The average human being in the United States lives 78 years, or 28.5 thousand days. That seems like a long time (Why do it today? I have 20 thousand more days to clean out the garage.) However, as everyone knows, time tends to fly by at an alarming rate. It's actually been proven that the human mind experiences the passage of time at a faster rate as we age. So, technically, you're very gradually accelerating your use of these years, days, minutes, and seconds with every moment that passes.
This sounds a little dismal when you consider it in an objective, quantitative way, but redemption lies within. Because we are all going to experience life for a limited time, all of the time we experience is a precious resource, to be used and consumed carefully. If you had an infinite amount of time to discover and learn the world, nothing would be special, because everything would eventually be an object of expired excitement. I think given enough time, we could probably build contempt for just about anything.
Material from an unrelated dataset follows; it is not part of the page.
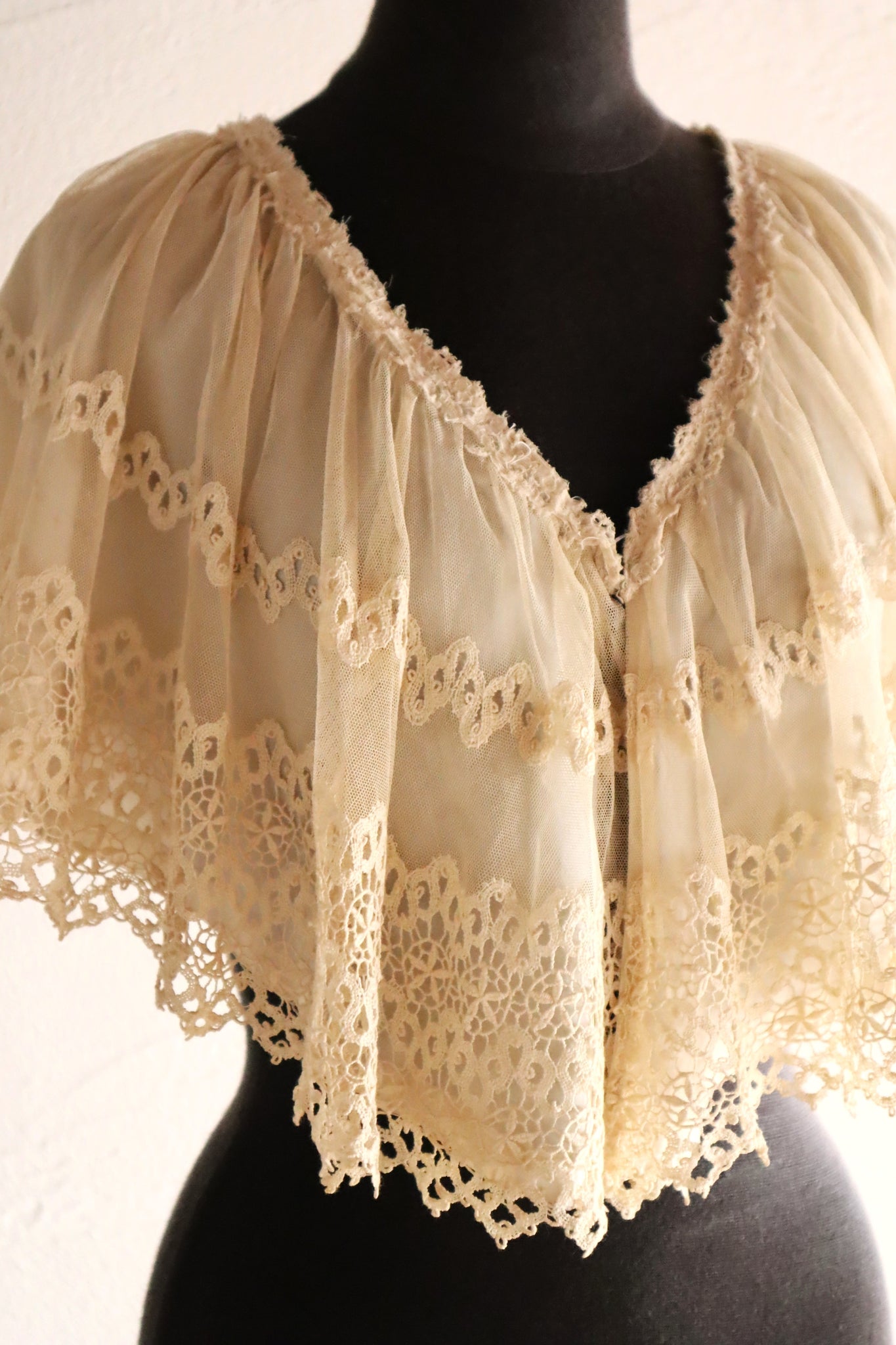 1920s Cotton Tulle Cape Collar with Hand Bobbin Lace Trim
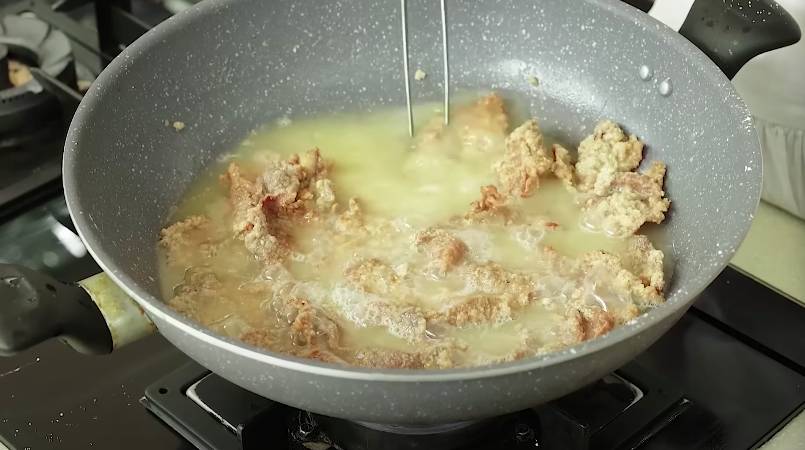 ilustrasi menggoreng keripik daging sapi (YouTube.com/Devina Hermawan)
Instead, we're temporary carbon compilations, hurtling through space on a rock around a massive fusion reactor that makes our skin look nice and keeps us from freezing to death. Everything we experience is new in some way, even if we've already done it. It's new because even if it hasn't changed, we have. I can think of a lot of things I did at a young age that I couldn't really appreciate then, because I hadn't been able to consider them in their entirety. With only so much time, it's our responsibility to make sure that it's time well spent, and even to figure out what that means.
It's not that some ancient guru, tucked away in a cave somewhere in a country we can't pronounce, has a list of things we should be doing with our lives. It's more that we won't know what fits in that category for us, until we try a few things and make decisions for ourselves about how we want to allocate our resources. I haven't been around for that long, and am hoping to have a lot more time to decide what to do with, but I think I've figured out a few loose guidelines.
I think time well spent is time you spend creating happiness, for yourself or for someone else. Time well spent is anything you can look back on and decide that you're totally happy with. It doesn't have to be perfect, you just have to be happy with it. If you're deciding how to use the most precious resource in the world, you have to realize that the people we choose to share our time with, and the things we choose to spend it on, should be worthy of our expenditures. If they're not, then it's time to do some re-structuring, until we can reflect on the way we're living and truthfully say that we're satisfied.
Thank you for giving me a few moments of your day. I know how precious they are, and hope they were time well spent.